● **Task goal**:
Leave the images aside and output every entry exactly.
■ ■ ■ ■
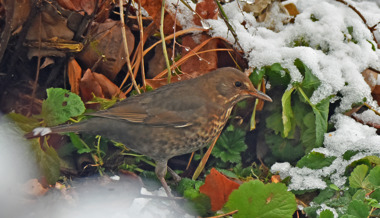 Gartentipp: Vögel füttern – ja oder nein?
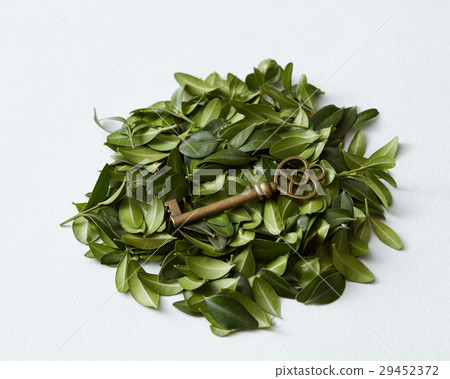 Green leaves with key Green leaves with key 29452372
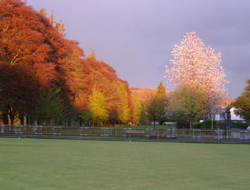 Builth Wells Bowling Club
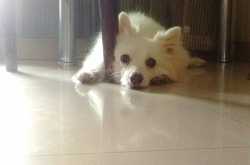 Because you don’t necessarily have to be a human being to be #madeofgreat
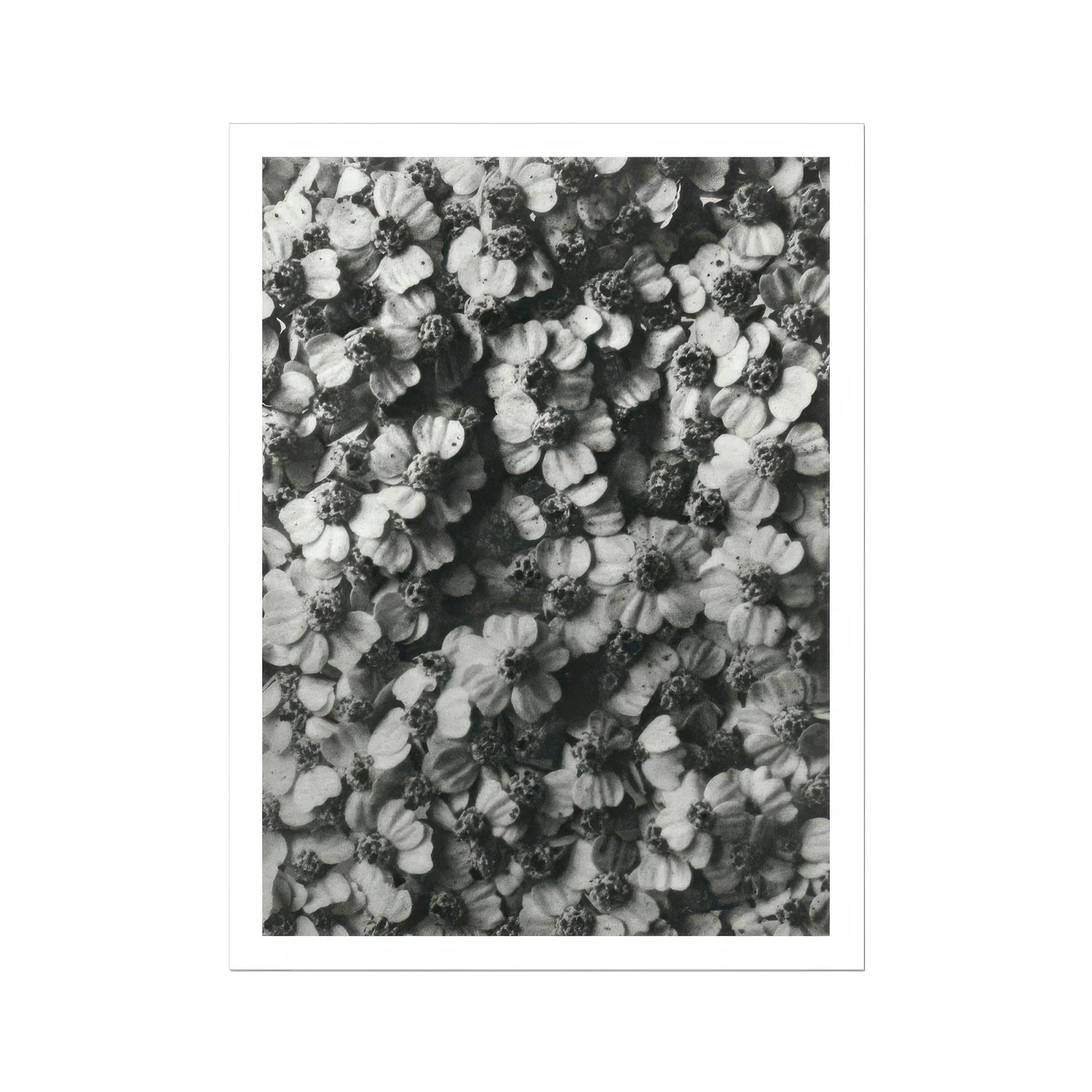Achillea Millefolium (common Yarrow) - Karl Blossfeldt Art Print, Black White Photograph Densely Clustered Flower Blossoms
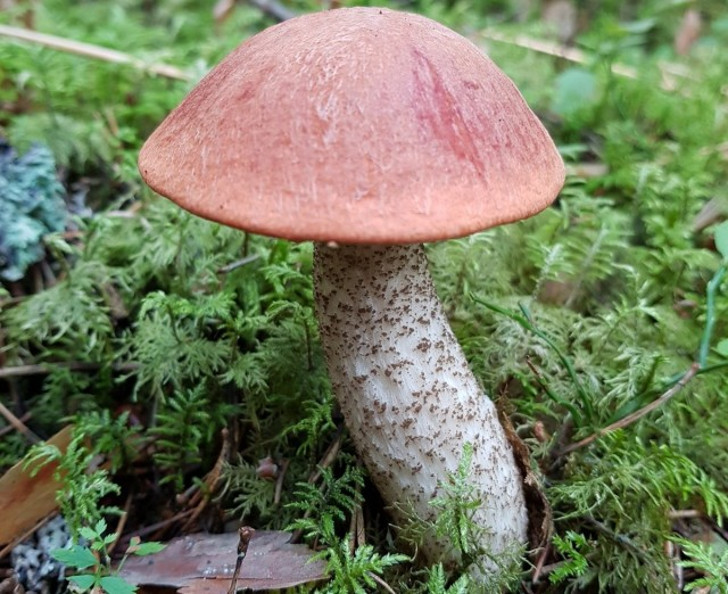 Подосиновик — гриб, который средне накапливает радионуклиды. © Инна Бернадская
■ ■ ■ ■
● **Expected answer**:
 Gartentipp: Vögel füttern – ja oder nein?
 Green leaves with key Green leaves with key 29452372
 Builth Wells Bowling Club
 Because you don’t necessarily have to be a human being to be #madeofgreat
Achillea Millefolium (common Yarrow) - Karl Blossfeldt Art Print, Black White Photograph Densely Clustered Flower Blossoms
 Подосиновик — гриб, который средне накапливает радионуклиды. © Инна Бернадская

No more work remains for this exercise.